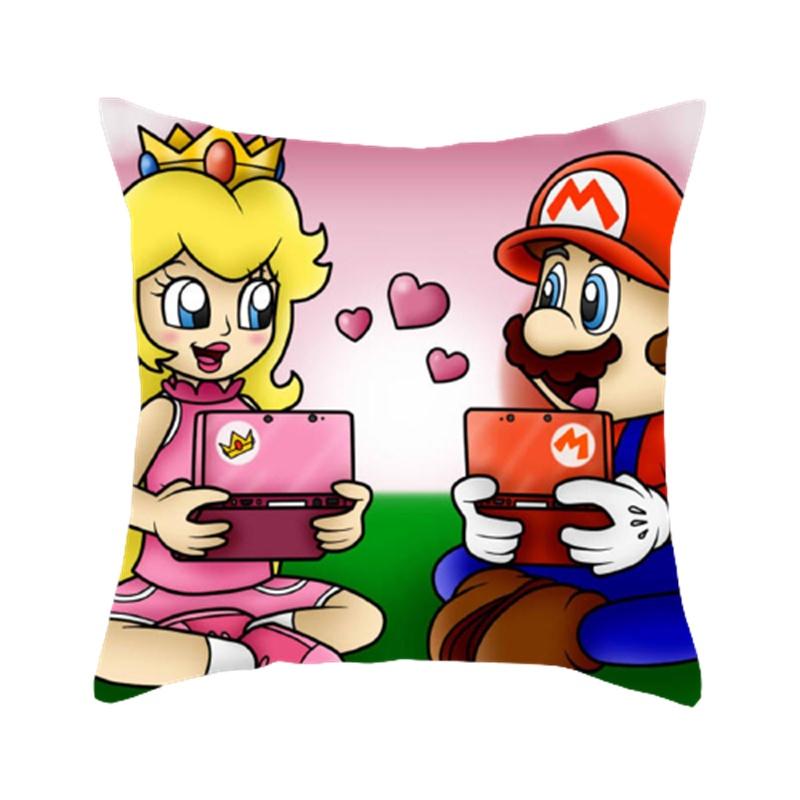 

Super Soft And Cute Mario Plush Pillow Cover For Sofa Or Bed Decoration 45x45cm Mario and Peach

--

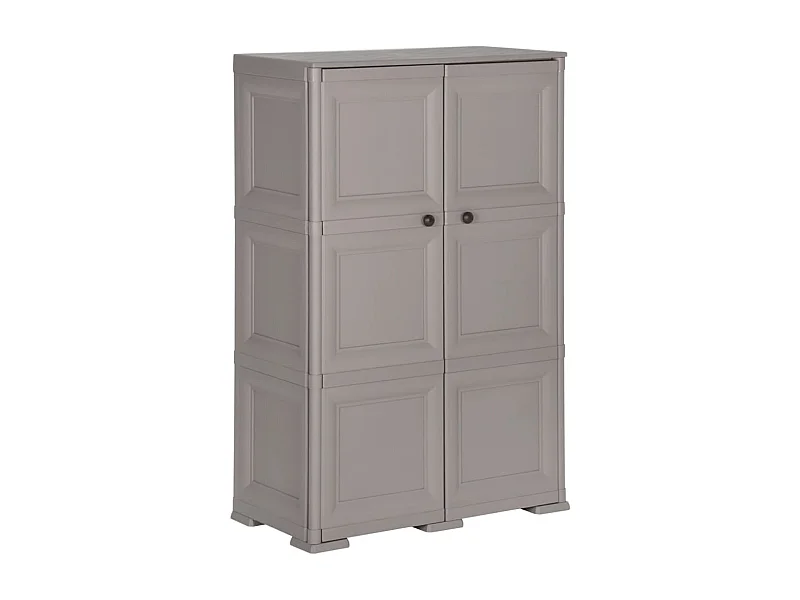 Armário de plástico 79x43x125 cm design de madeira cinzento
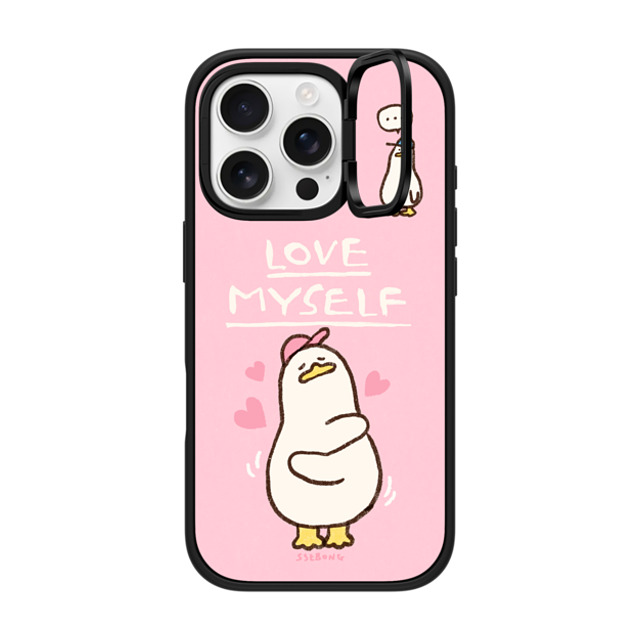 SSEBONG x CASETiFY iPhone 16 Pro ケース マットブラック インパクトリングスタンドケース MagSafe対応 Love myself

▶ [YOUR OBJECTIVE] Leave the pictures out. Output, exactly, the lines of the material above starting at the line containing "Armário de plástico" and ending at the line containing "SSEBONG x CASETiFY".

▶ [EXERCISE OUTPUT]
 Armário de plástico 79x43x125 cm design de madeira cinzento
 SSEBONG x CASETiFY iPhone 16 Pro ケース マットブラック インパクトリングスタンドケース MagSafe対応 Love myself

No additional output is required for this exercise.